NORRIS: Well, we should actually say that the Hostess Company says that Twinkies are made of milk and sugar and flour, and just like anything else, they're going to go bad after an amount of time.

Mr. BENNATTI: Right. And I think it just happened to simply become quite dry and such. And I'm not sure I'd try to eat it right now. I don't think I'd want to risk it.

NORRIS: I don't think that'd be a good idea.

Mr. BENNATTI: No.

NORRIS: Well, with that carbon-dated Twinkie in your classroom...

(Soundbite of laughter)

NORRIS: ...over all these years, I'm wondering if kids at school are still bringing these in their lunch box or if this is sort of a no-Twinkie zone there at Stevens Academy.

Mr. BENNATTI: Well, no. I mean, it's one of those things where, you know, I don't think this has caused anyone to actually fear the Twinkie.
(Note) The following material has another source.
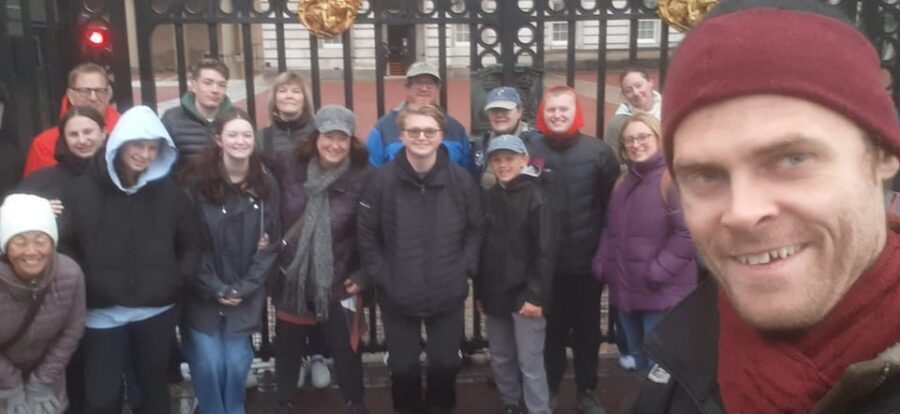 London: Central London Outdoor Tour - Buckingham Palace and the Victoria Memorial: why it works without going in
I mean, they juts sort of marvel at the miracle of engineering that is the Twinkie.

NORRIS: Now, you know, beyond just being something that you could sort of poke fun at and a conversation piece in your classroom, is there some enduring lesson in this experiment?

Mr. BENNATTI: (Laughs) An enduring lesson? Well, the--I mean, it's just like in any experiment, you know. Like, many times the best experiment is one when you have no idea what the outcome is going to be, and this was definitely that kind of an experiment.

NORRIS: Do you have other food items in your classroom...

Mr. BENNATTI: Well, I'm...

NORRIS: ...that students are leaving out? Are there oranges or Little Debbie cakes or...

Mr. BENNATTI: ...(unintelligible) have in the classroom is a Fig Newton. The Fig Newton was, however, dated with a Magic Marker on it, so we know the Fig Newton is now about 15 years old. But kids were trying to bring in a whole bunch of foodstuffs into my classroom to be stored, and I just point out this is not going to be the `decay hall of fame.' So all we had was a Twinkie and a Fig Newton.

NORRIS: Mr. Bennatti, thanks so much for talking to us.

Mr. BENNATTI: Well, thank you very much.

NORRIS: Roger Bennatti is a teacher at George Stevens Academy in Blue Hill, Maine.